An Egyptian appeals court overturned on Wednesday death sentences for 149 pro-Islamists accused of killing policemen in a mob attack on their station, a judicial source said.
The court ordered a retrial for the defendants over the attack, which killed 13 policemen near Cairo on August 14, 2013, the day police shot dead hundreds of Islamist demonstrators in the capital.
The initial ruling in February 2015 came amid a series of death sentences in mass trials that were criticized internationally, as the government cracked down on supporters of ousted Islamist president Mohamed Morsi.
The court had also sentenced 37 people to death in absentia, but they would have to hand themselves in for a retrial.
The grounds for the appeals court ruling were not immediately available, but the court has overturned hundreds of death sentences over the past year, to the relief of rights advocates and frustration of some in the government who have urged fast track executions.
Seven people have been executed for political violence since Morsi's ouster, including six who were convicted of belonging to an Islamist militant group.

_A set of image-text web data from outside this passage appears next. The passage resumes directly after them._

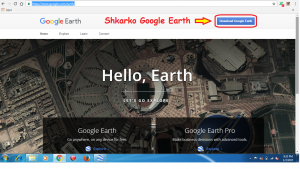 Cfare eshte Google Earth. Si te instaloj Google Earth ne kompjuter. Tutoriale shqip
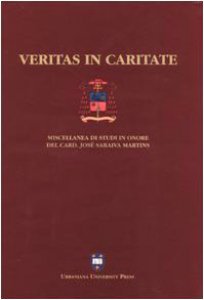 Copertina di 'Veritas in caritate. Miscellanea di studi in onore del card. Jos Saraiva Martins'
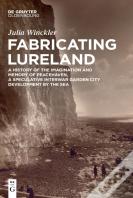 Fabricating Lureland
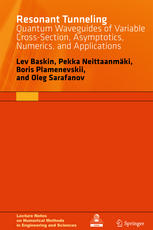 Resonant Tunneling Quantum Waveguides Of Variable Crosssection Asymptotics Numerics And Applications 1st Edition Lev Baskin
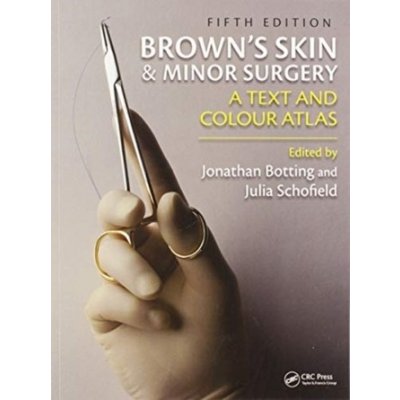 Brown\s Skin and Minor Surgery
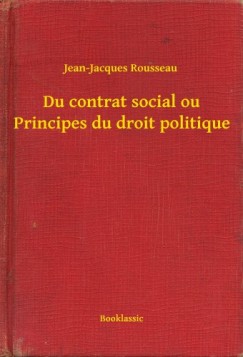 Jean-Jacques Rousseau - Du contrat social ou Principes du droit politique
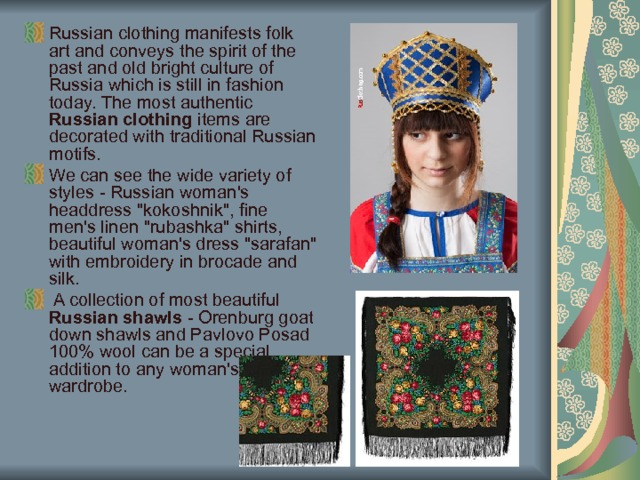 Russian clothing manifests folk art and conveys the spirit of the past and old bright culture of Russia which is still in fashion today.  The most authentic Russian clothing items are decorated with traditional Russian motifs. We can see the wide variety of styles - Russian woman's headdress 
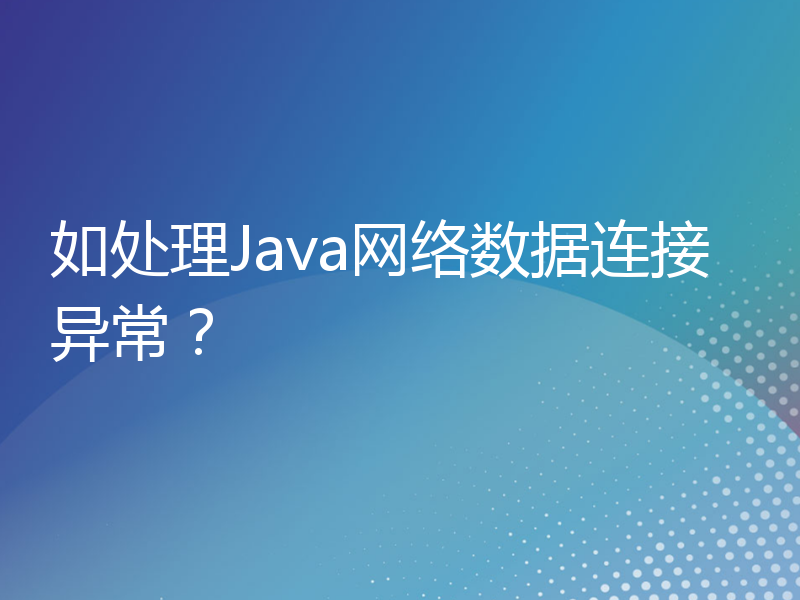 如处理Java网络数据连接异常？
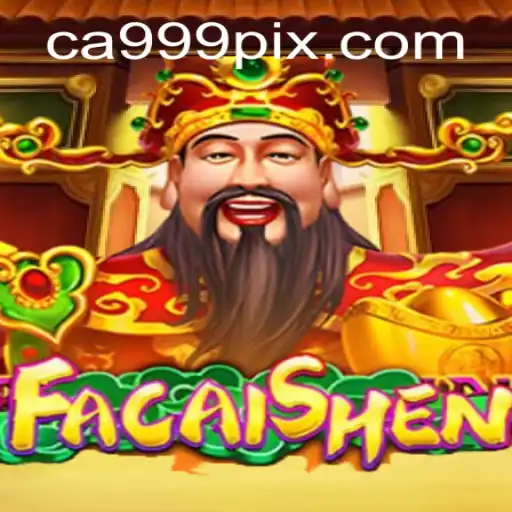 Descubra 'FaCaiShen' no CA999.COM: O Novo Sucesso dos Jogos de Casino Online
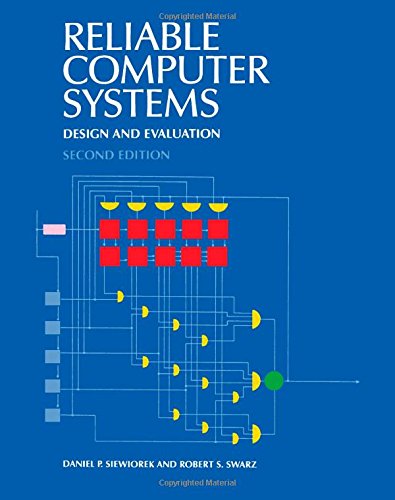 Imagen de archivo de Reliable Computer Systems : Design and Evaluation a la venta por Better World Books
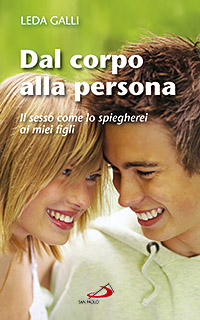 Dal corpo alla persona. Il sesso come lo spiegherei ai miei figli Dal corpo alla persona. Il sesso come lo spiegherei ai miei figli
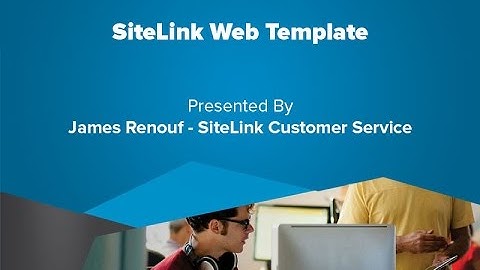 SiteLink Web Template - SiteLink Training Video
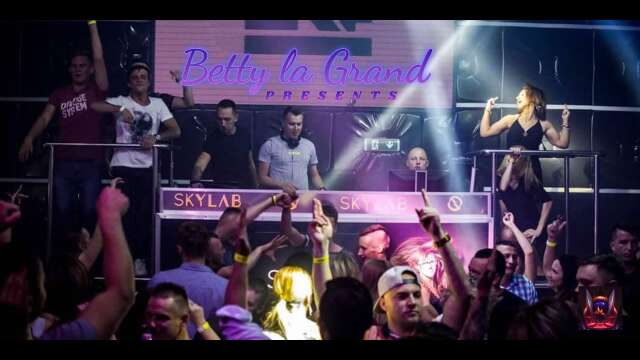 Betty la Grand - Skylab Club Party Teaser !!!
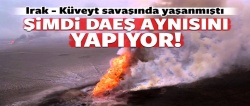 DAEŞ petrol yataklarını ateşe verdi!..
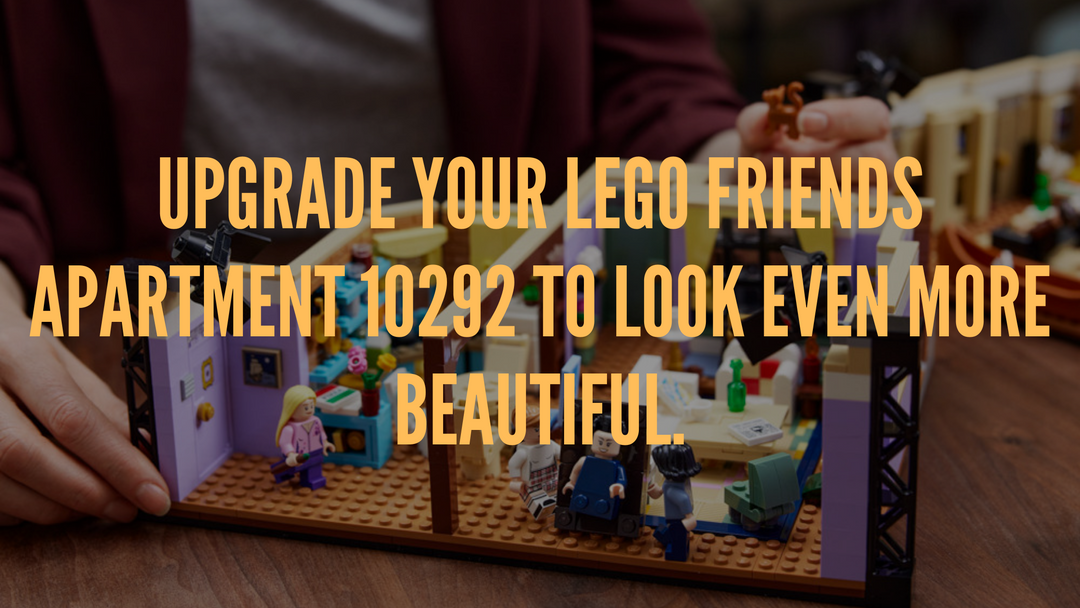 UPGRADE YOUR LEGO FRIENDS APARTMENT 10292 TO LOOK Even more beautiful.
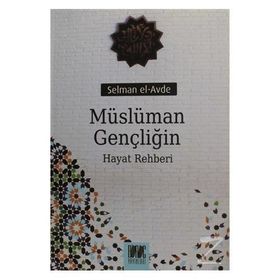 MÜSLÜMAN GENÇLİĞİN HAYAT REHBERI - SELMAN EL-AVDE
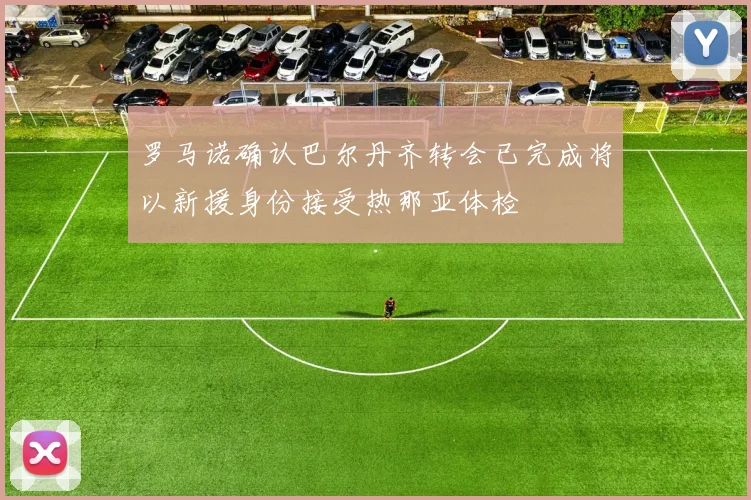 罗马诺确认巴尔丹齐转会已完成将以新援身份接受热那亚体检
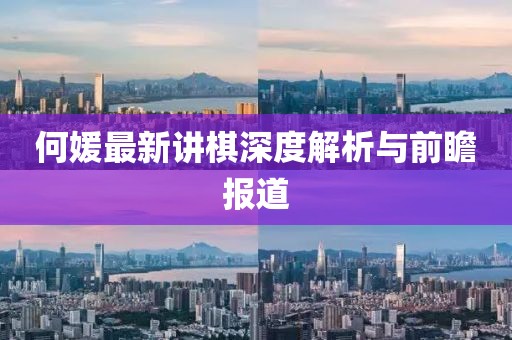 何媛最新讲棋深度解析与前瞻报道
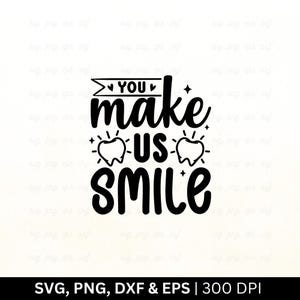 You Make Us Smile Svg | Dentist Svg | Dental Shirst Svg,  Funny Dentist Svg, Dentist Quotes Svg, Dental Office Svg, Cricut Files Png Eps Dxf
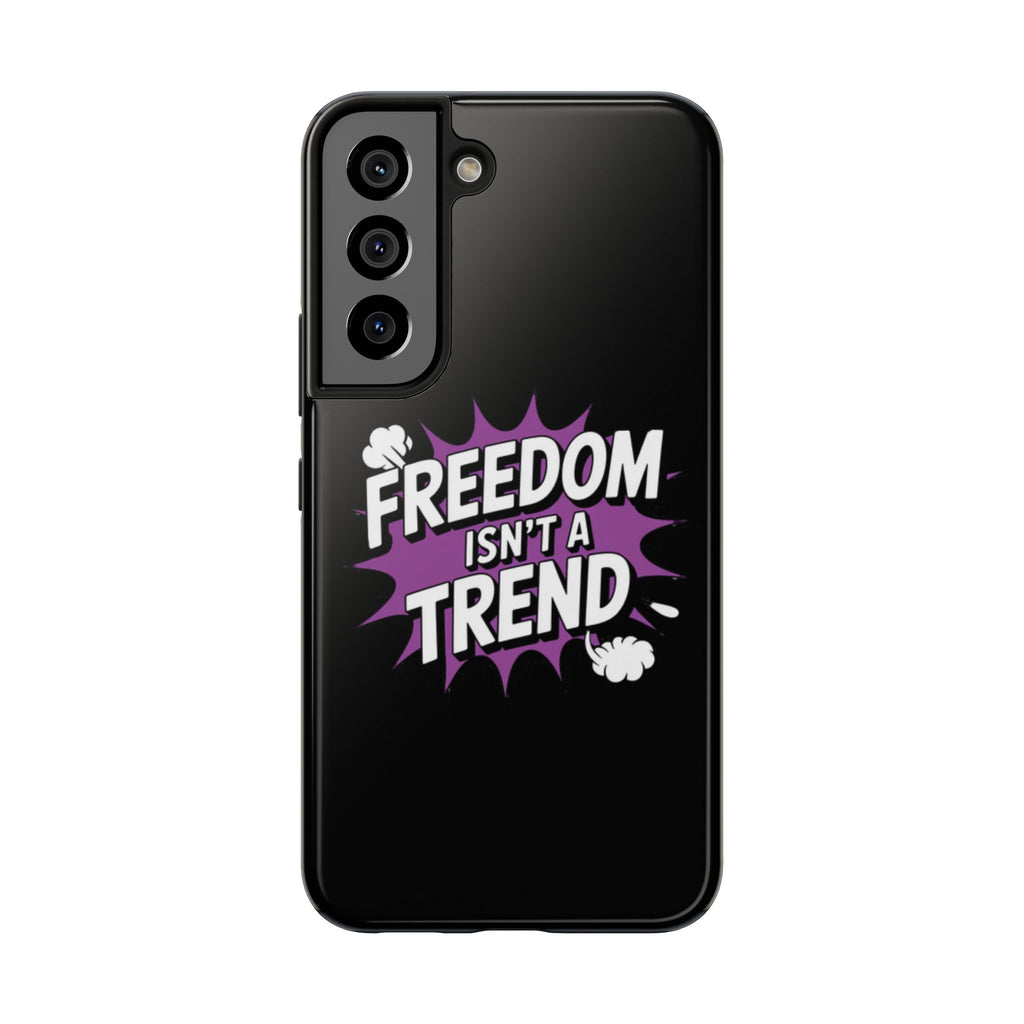 Freedom Isnt a Trend Phone Case | Conservative iPhone & Samsung Cover | Anti-Woke Comic Style Case | Republican Free Speech Accessory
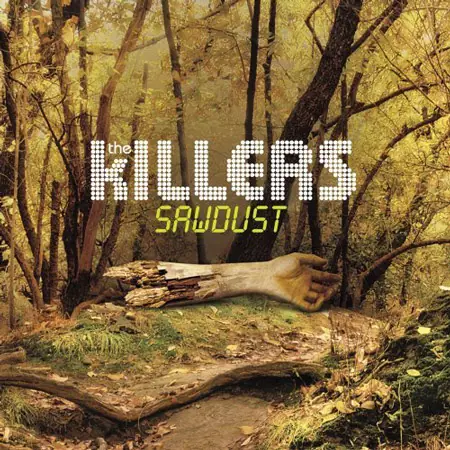 The Killers - Sawdust 2007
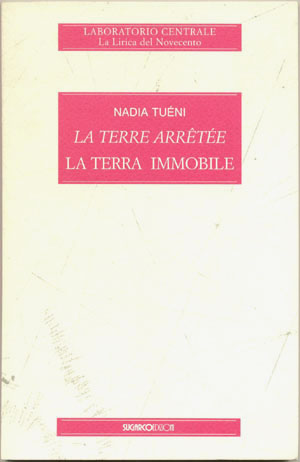 Terra Immobile (La) – Terre arretée (La)Nadia Tuéni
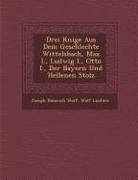 Drei K Nige Aus Dem Geschlechte Wittelsbach, Max I., Ludwig I., Otto I., Der Bayern Und Hellenen Stolz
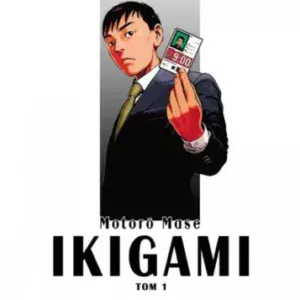 Ikigami tom 01 (wydanie 2)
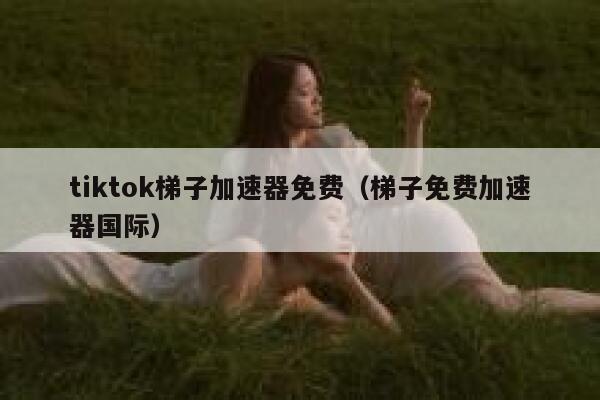 tiktok梯子加速器免费（梯子免费加速器国际） 第1张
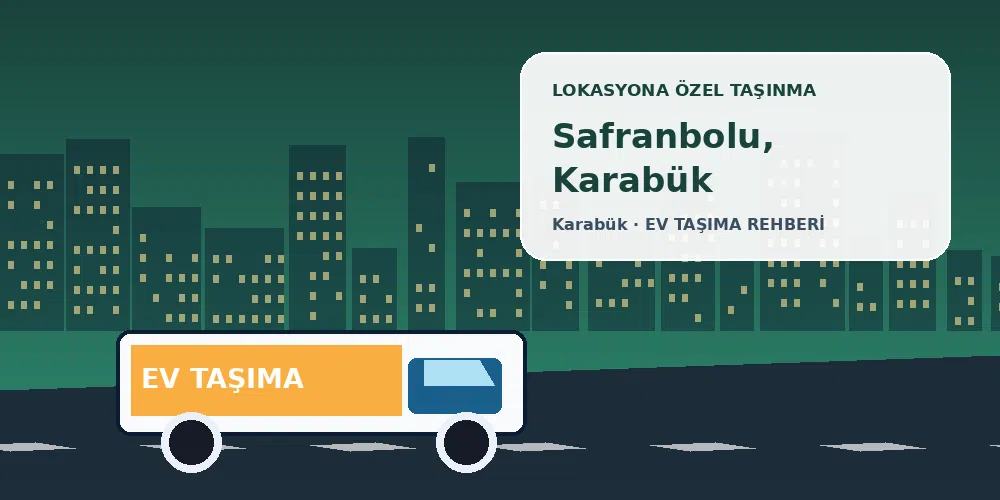 Safranbolu, Karabük evden eve nakliyat sırasında ev taşıma kamyonu ve lokasyona özel görsel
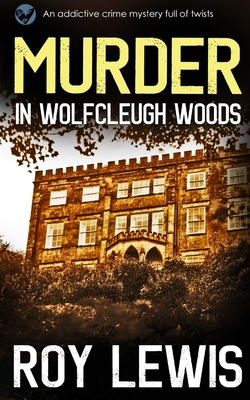 MURDER IN WOLFCLEUGH WOODS an addictive crime mystery full of twists - Lewis, Roy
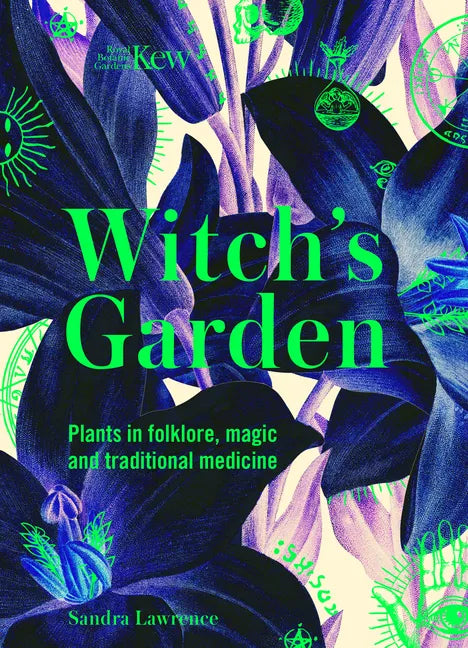 Kew: The Witch's Garden: Plants in Folklore, Magic and Traditional Medicine - Hardcover
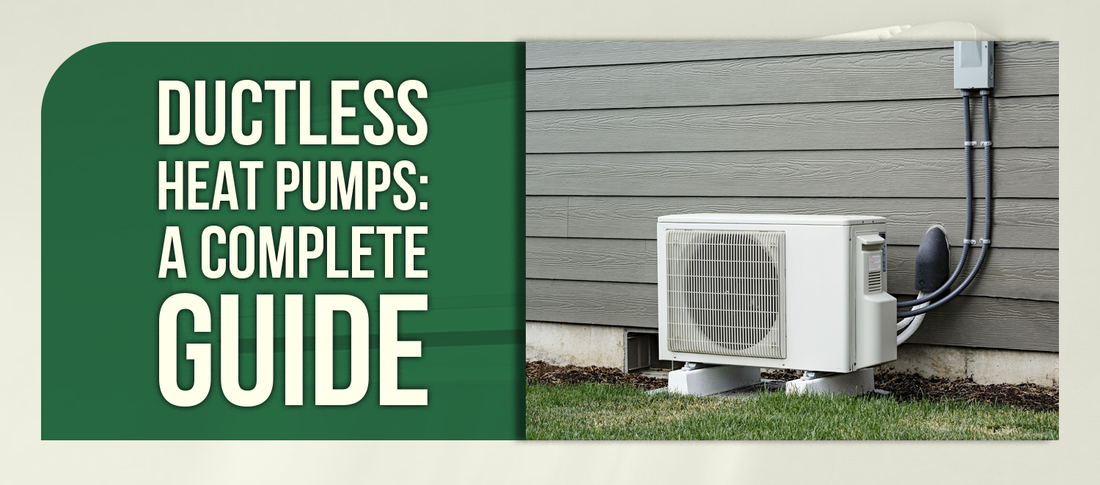 Ductless Heat Pumps: A Complete Guide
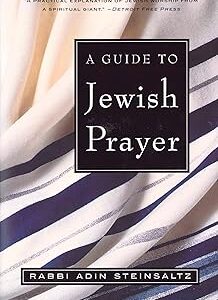 A Guide to Jewish Prayer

The military overthrow of Morsi, the country's first freely elected president, ushered in the worst domestic bloodshed in the country's modern history.
Morsi ruled for only a year, deeply dividing the country, and his removal was met with escalating protests by Islamists that police dispersed with live ammunition.
On August 14, 2013, less than two months after his overthrow, police broke up two protest camps in Cairo, killing about 700 protesters.
Morsi's supporters around the country attacked police stations, killing dozens of officers, and torched the churches of Coptic Christians.
Morsi himself is facing several trials and has already been sentenced to death in one case.
Several leaders of his Islamist Muslim Brotherhood movement, including its chief Mohamed Badie, have been sentenced to either death or lengthy jail terms.
The movement has been blacklisted as a "terrorist organisation" and its assets confiscated.
The police crackdown that initially targeted Morsi supporters was later widened to include secularist and leftist leaders and activists.